The question lands in the center of my chest like a fist. "What about her?"

"She's spending a lot of time with him. If he's what we think he is, she's exposed."

"I know."

"So pull her back."

"And tip him that we're watching." I hear the excuse even as I say it, hear how neatly it lets me avoid the harder conversation, which is that pulling Elissa back means explaining to her why, and explaining means watching her face when she realizes the one person on this station who made her feel like she belonged might have been engineering that feeling through her skin.

I'm not ready to do that to her. I tell myself it's strategy.

It's not. It's cowardice wearing a better suit.

Dexter reads it in my face. He doesn't call me on it, which is worse.

I go back to the hub in the dead hours between second and third shift, when the corridors are dim and the station's population thins to the night crews and the insomniacs and the people whose business prefers the dark.

Astra has been replaced at the main console by one of her subordinates, a quiet woman named Pell who tracks data the way a predator tracks movement, with total stillness and occasional bursts of lethal precision.

"Anything new?" I drop into the chair Astra vacated. It's still warm.

"Eames is in his quarters. No outgoing comms for the past four hours.

" Pell's voice carries the flat cadence of someone reporting weather.

"I flagged a sixty-three-second dead zone in his node activity at 0217.

Could be a system hiccup. Could be a compressed burst. I've captured the window for analysis. "

"Good." I stare at the feeds. Ethan's door is closed, his quarters dark on the thermal overlay. Just a body in a bed, generating the standard heat signature of sleep. Peaceful. Unremarkable. A man resting after a long day of being exactly what everyone expects him to be.

I cycle through the other feeds. Level six, where the debtor housing gives way to the market stalls and the cramped offices of people who owe me enough to work for free.

Level four, the training bays, empty now except for a maintenance bot buffing scuff marks off the sparring mat.

Level two, officers' quarters, where Dexter's light is still on because Dexter's light is always still on.

I find her on level five.

Talia isn't in her quarters. She's in the small briefing room adjacent to Astra's secondary office, seated at a table with a portable data terminal and three separate information feeds scrolling across its surface.
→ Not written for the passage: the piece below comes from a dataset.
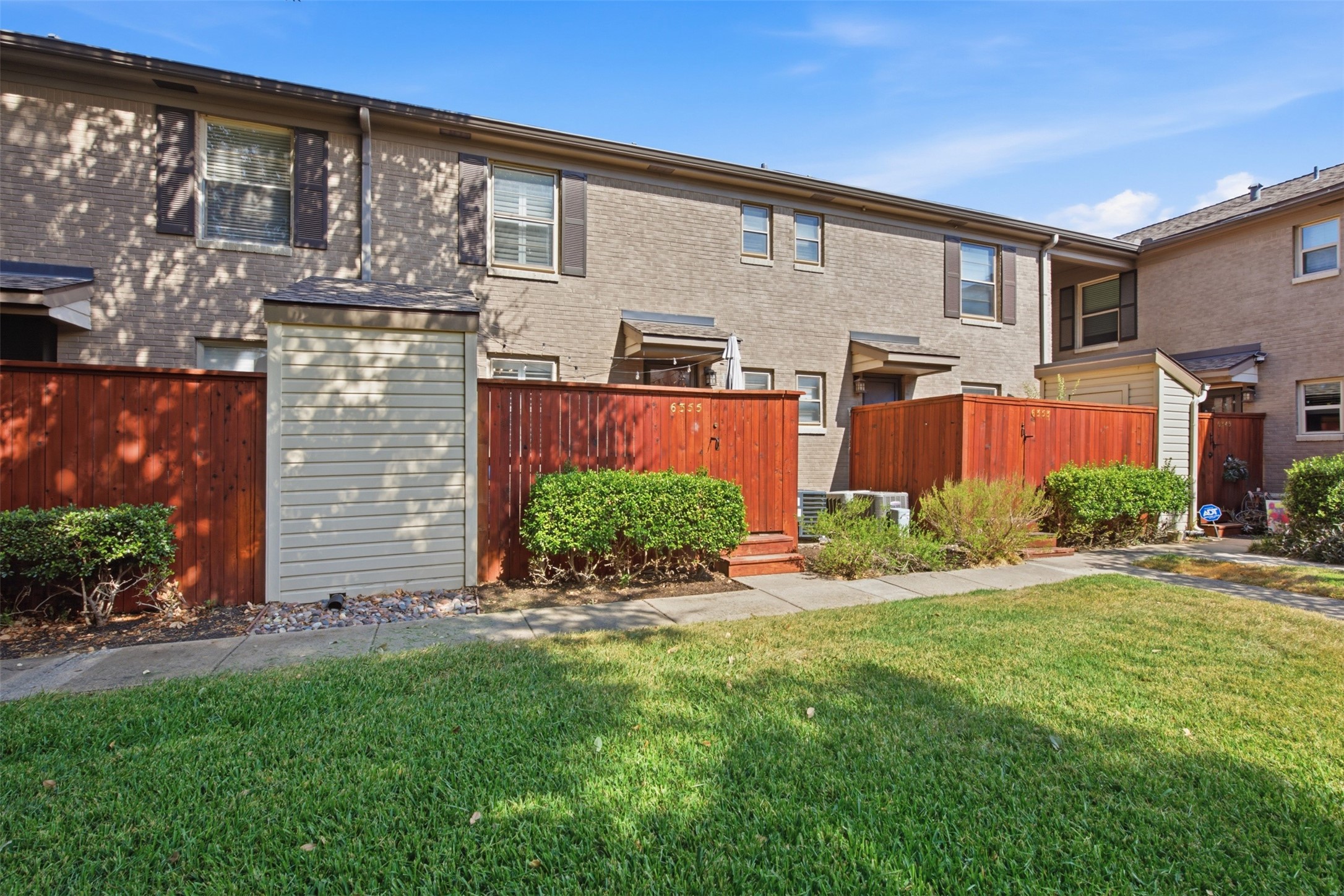 6355 Oriole Drive 6355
Her hair is pulled back, and she's wearing one of the station-issue shirts that's too big for her, the collar slipping off one shoulder in a way that sends a specific kind of heat through my blood that I don't have time for.

She's reading. Making notes. Cross-referencing something on the terminal with a handwritten list I can't make out from the camera angle.

I pull up the metadata on her feeds. Debtor network communications.

Population movement data for the lower levels.

Resource allocation reports. She's building a map of the station's social architecture, the informal power structures that live beneath the organizational charts, the alliances and grudges and dependencies that actually determine how this place functions.

Nobody told her to do this.

I sit there, watching her work, and something in my chest recalibrates.

It's not the wanting, though the wanting is always there, a gravitational constant that I've stopped trying to resist and started learning to use.

This is something different. This is the recognition that the woman on that screen is not the woman I brought here.

The cargo has become something else entirely.

She's learning my world not because I forced her to, but because she's decided to survive in it on her own terms, and her version of survival involves understanding every system well enough to turn it into a weapon or a tool.

She is becoming a partner. The word settles into me with a weight that's half comfort and half terror, because partners are leverage, and leverage in my world is just another word for a vulnerability someone can use to put you on your knees.

I watch her for too long. I know I'm watching too long because Pell's silence behind me has shifted from professional to pointed, and because the clock on the secondary monitor tells me I've been sitting here for nine minutes without blinking at anything else.